On Wed, 2014-02-19 at 13:25 +0100, Ralf Mardorf wrote:
> On Wed, 2014-02-19 at 12:24 +0100, Max wrote:
> > I have experienced this problem at least once in the past as well. 
> > Though I would have noticed if it were happening on a regular basis. I
> > thought that I just missed an error message back then. If there was 
> > indeed no error message, this would be a very very bad issue that
> > needs to be fixed asap, as otherwise it would render evolution utterly
> > unusable. I think I will add a dummy email address to BCC to
> > immediately notice message loss in the future...
> 
> BCC is something I also use very often. I'm not sure if it's related to
> Evolution or if it's another issue. FWIW I notice that it's better to
> send one mail after the other, than to send one mail and while it's
> still sending, to click send for another mail too. I suspect that it's
> related to Evolution, or some issues caused by the providers sometimes
> are not noticed by Evolution. It seems to be like that, but there are no
> valid evidences.

Things to try:

* BCC your outgoing mail, as has been suggested
* Note which addresses fail.

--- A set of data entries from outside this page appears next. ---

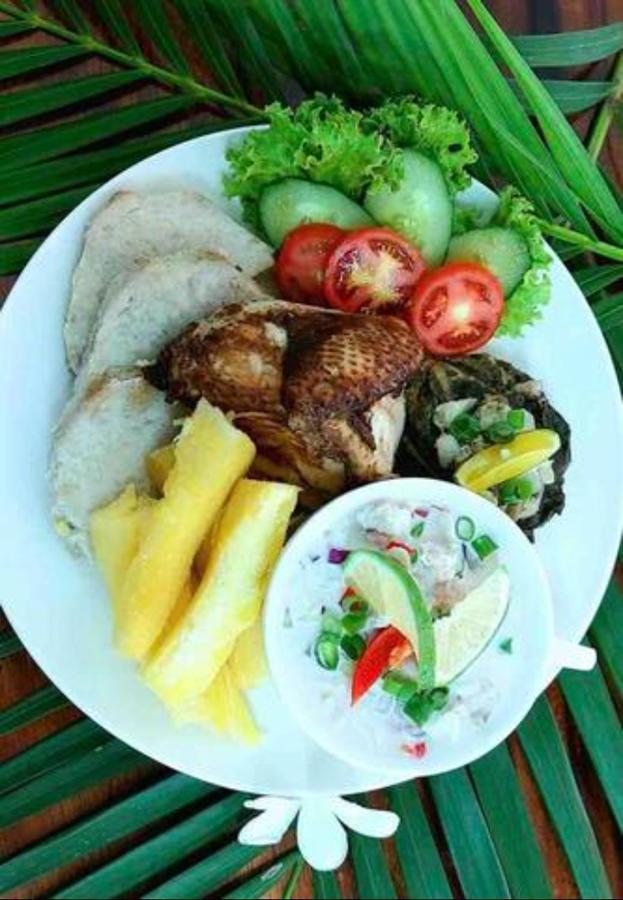 Nabua Lodge Naisisili Екстер'єр фото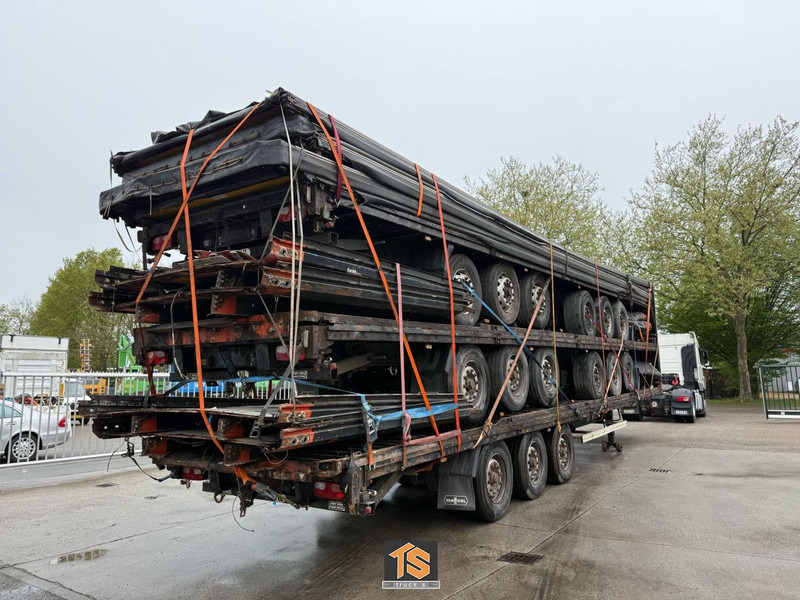 Van Hool 3B2011 BPW - 5 STACKS - NL TRAILERS - Schuifzeiloplegger: afbeelding 3 Van Hool 3B2011 BPW - 5 STACKS - NL TRAILERS - Schuifzeiloplegger: afbeelding 3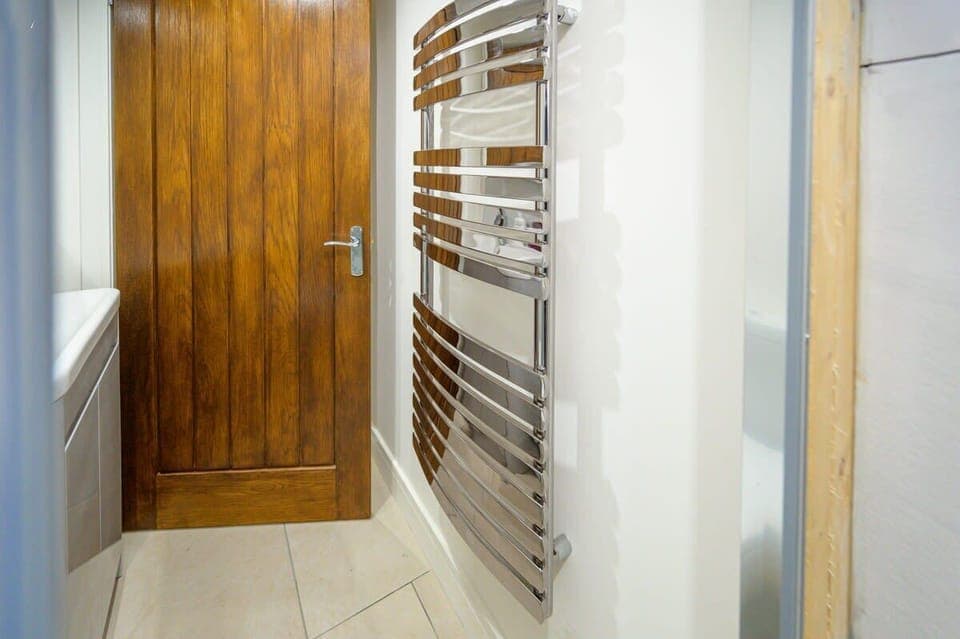 Heated Towel Rail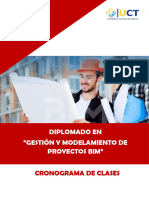 Diplomado en Gestión y Modelamiento de Proyectos Bim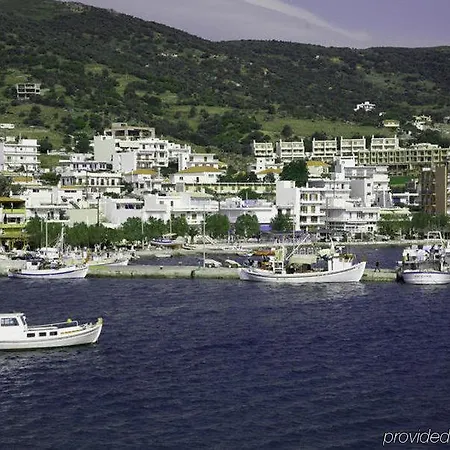 Gikas Triple Sea View B7 Aparthotel Marmari (Evia)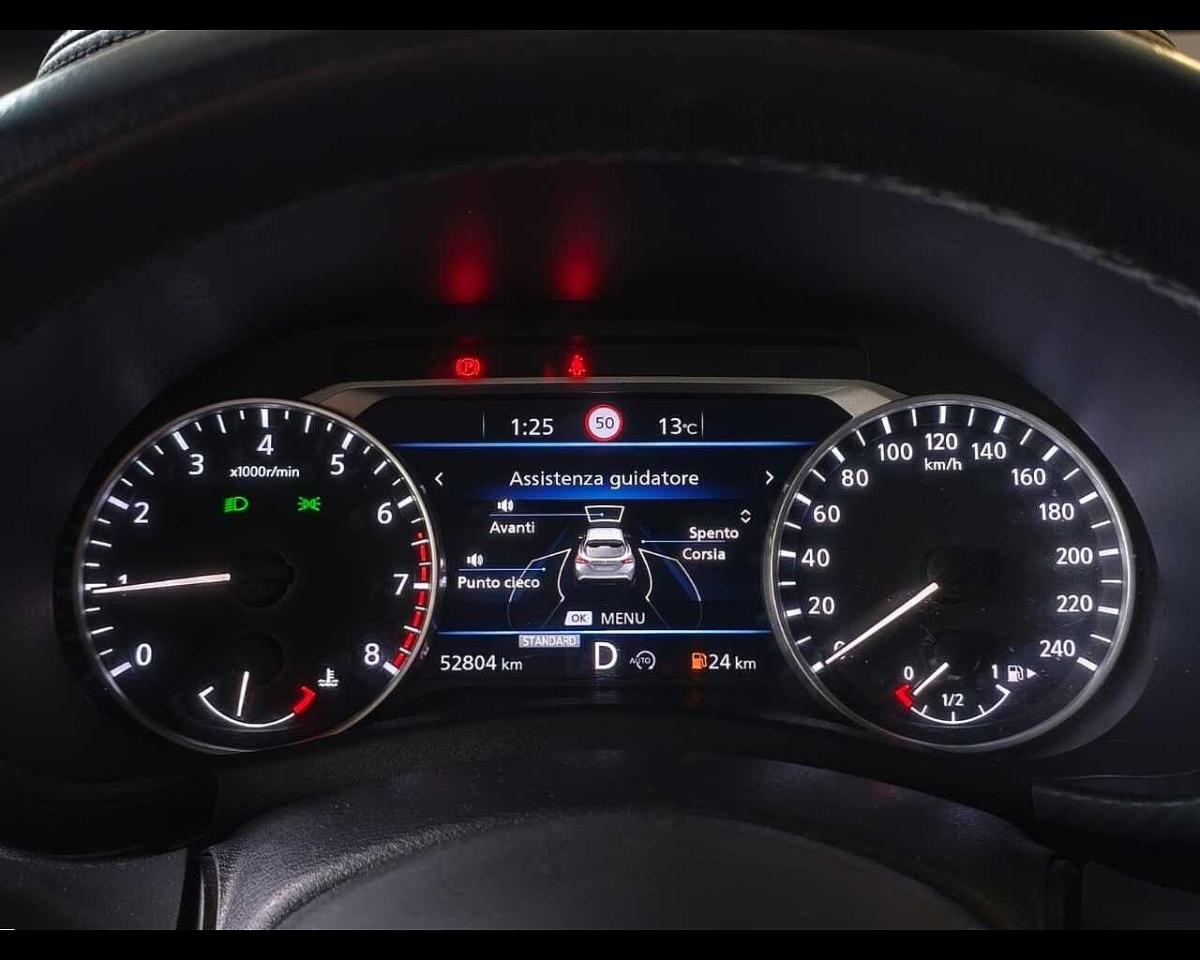 Nissan Nissan Juke usata, con esp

Is it always the same ones or do they vary?
Do some addresses never fail?
* Is there any correlation between failing addresses and mailing lists?
* Have your recipients checked their Junk folders?
* Try other MUAs with any addresses which consistently fail. What
happens?

Other things that come to mind: authentication at SMTP level, local
policy on which SMTP servers can be used, existence of proxies along the
delivery path.

A lot of things can go wrong. I sometimes think it's a miracle any mail
ever gets through, but that's nothing to do with Evo.